Angsts -- a word?

Some dictionaries list “angsts”, but only as the third person singular of the verb ‘to angst’, as in “He angsts over his problems”. But no dictionary lists it as a plural of the noun ‘angst’, as in “Abused children present with many varied angsts”. Or is it better to just cacti the noun, and use the root language (German) plural “angsten”?

Do, or should, the self-appointed language czars have the power to just declare that a noun has no plural just because it looks funny or is hard to say? Angstises?

You have many things to angst over.

“Angst” is basically a German word recently adopted in English. I’ve never seen it used as a verb myself.

I’ve never thought about this before, but this seems to extend well beyond angst.
Some quick observations:

Many (most?) nouns for emotional states do not have plurals:
dread, optimism, happiness, boredom, guilt, despair, serenity, confidence, anger.

But a few do have plurals where they can be associated with multiple specific causes:
anxieties, worries, frustrations, insecurities
(I’m talking about nouns for the emotional states here, not the objects of the emotional state: I harbor anxieties; I feel frustrations, etc.)

Oddly, I can’t yet think of any plural states with positive connotations. We feel frustrations over politics and dating (I think that’s colloquial?); but we do not feel loves for our mother and chocolate. (We do talk about our loves and our joys, but these plurals do not refer to the emotional states, they refer to the objects of joy and love.)

I’m not sure that I can yet discern any consistent pattern between the obligate singulars and the plurals. Why is it that I can harbor anxieties over x, y and x simultaneously; but I can only harbor dread of one thing at a time?

I’m sure some linguists must have thought about this much more extensively, I’ll have a hunt around.

ETA: “I feel joys” does get significant google hits. It doesn’t feel quite colloquial to my dialect - “I feel joys and sorrows” sounds okay I guess.

Riemann, what is your first language?

And German has few positive states. An ugly language to hear; an uglier language to know. :wink:

As for the OP, angst is a word and angsts is its plural. You know that because you used it, and others understood it. Language is fun like that.

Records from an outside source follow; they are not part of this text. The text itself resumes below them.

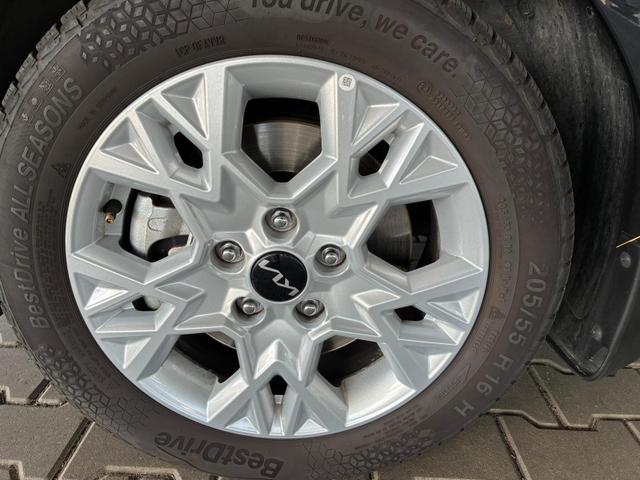 Kia Ceed Sportswagon Comfort 1.5 DCT / Sitz + Lenkradheizung Tempomat Navi LED Rückfahrkamera Alu 16" 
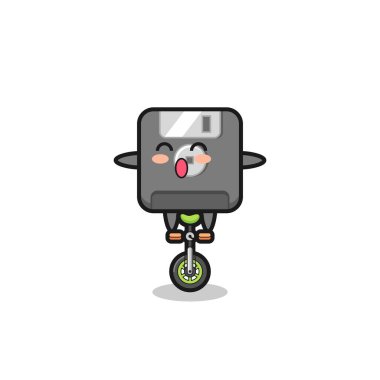 Şirin disket karakteri sirk bisikleti sürüyor. Tişört, çıkartma, logo elementi için şirin bir tasarım.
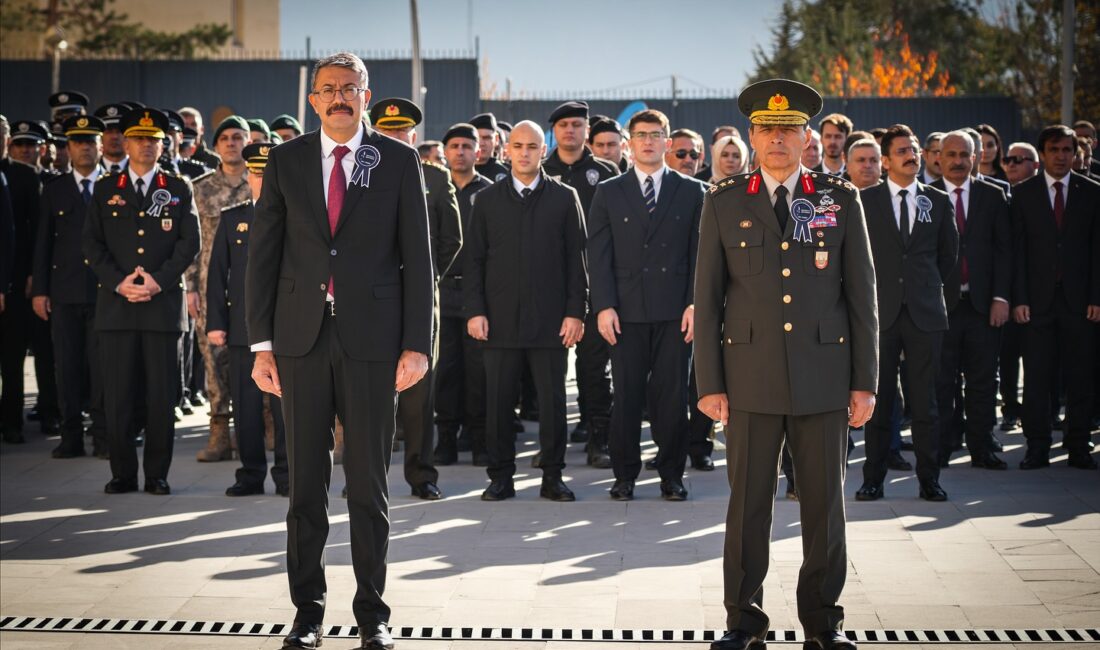 Vali Çelik, 10 Kasım Atatürk’ü Anma Günü Törenine Katıldı Cumhuriyet'in kurucusu Gazi Mustafa Kemal Atatürk'ün, ebediyete irtihalinin 87. yıl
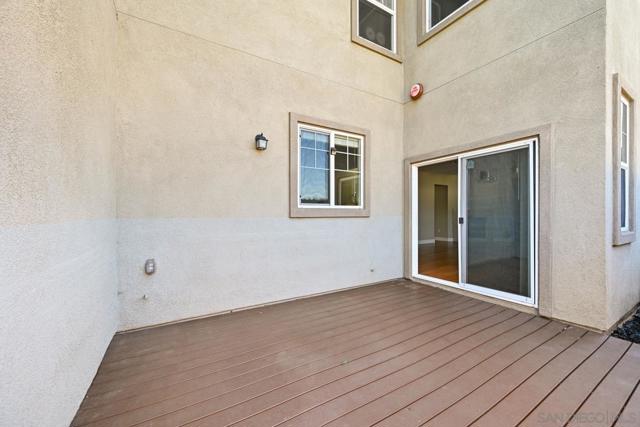 1786 Jasmine Way, Oceanside CA: https://media.crmls.org/mediaz/23442000-2175-49cf-9af2-e871e7bbd0fa.jpg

British English, but I live in the US. I sometimes get confused about whether an expression is colloquial in either dialect! Am I mistaken in what I wrote above? I was kind of “thinking out loud”, it was not carefully considered.

Well, you seem to be missing out the part where a neologism “catches on”. Language is a dynamic process of spontaneous consensus-building. But just making up stuff and saying it doesn’t make it part of a dialect.

No, Linguistics was my sub-major (not a formal minor) and I enjoy the shit out of playing that game. You obviously try, but…

You’re still my favorite poster. I mean, other than luci and Bryan.

And others. Don’t get cocky, kid. I’m still thinking.

You definitely didn’t think these through. Most, if not all, of them can be pluralized. Admittedly, it’s not all that common to do so, but you can find situations when they are.

Correction: the plural of “Angst” is “Ängste”. Would be a dread to use in English because of the umlaut ;).

Examples please?

I haz the dreads?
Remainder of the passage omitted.